Segment Start: Given information

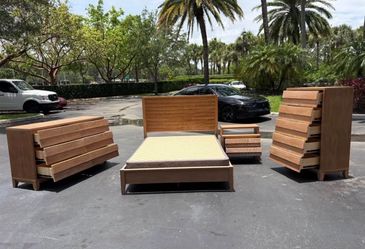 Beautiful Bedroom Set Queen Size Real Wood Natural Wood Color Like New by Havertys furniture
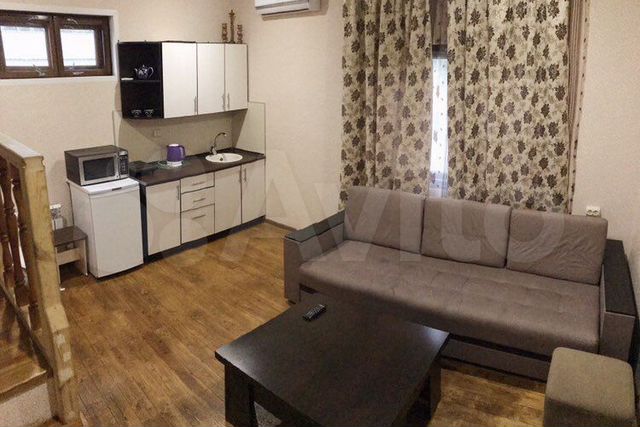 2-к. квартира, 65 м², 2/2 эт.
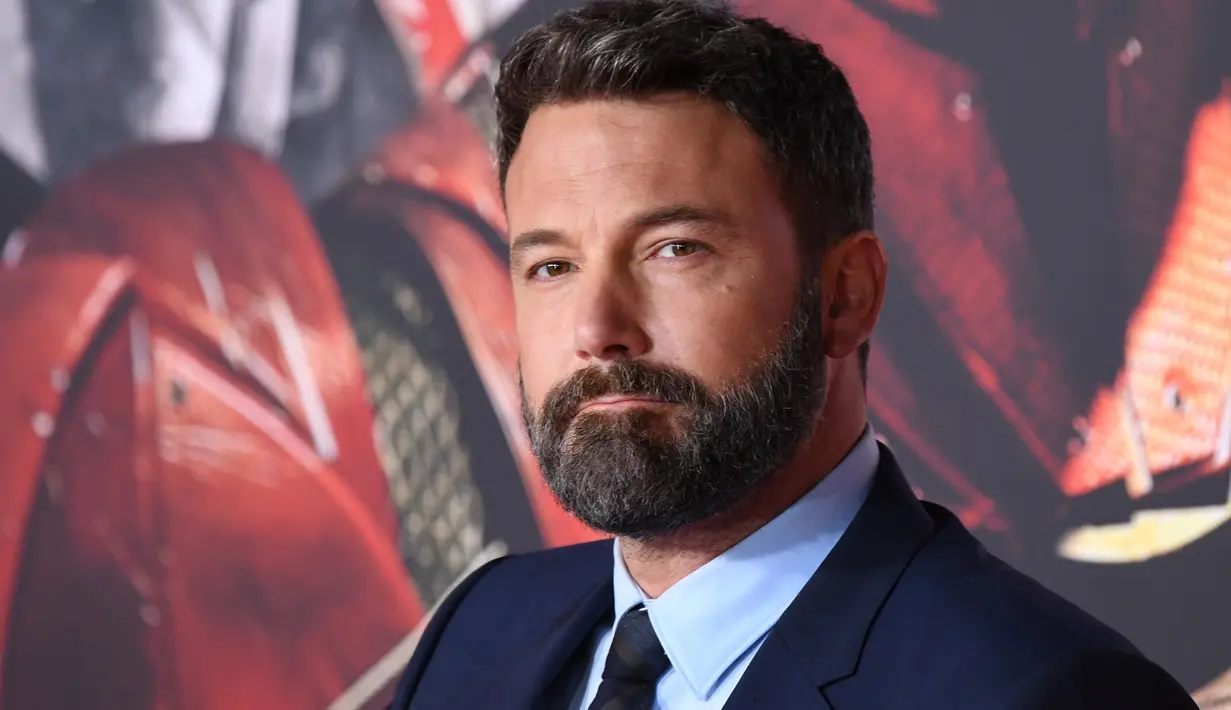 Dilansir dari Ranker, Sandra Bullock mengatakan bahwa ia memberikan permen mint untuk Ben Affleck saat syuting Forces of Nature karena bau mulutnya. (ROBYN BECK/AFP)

Segment End: Given information

Task instructions = Copy the line showing "2-к. квартира, 65 м², 2/2 эт." exactly, along with each line after it through the end of the material above. Pictures stay out.

Task solution =
 2-к. квартира, 65 м², 2/2 эт.
 Dilansir dari Ranker, Sandra Bullock mengatakan bahwa ia memberikan permen mint untuk Ben Affleck saat syuting Forces of Nature karena bau mulutnya. (ROBYN BECK/AFP)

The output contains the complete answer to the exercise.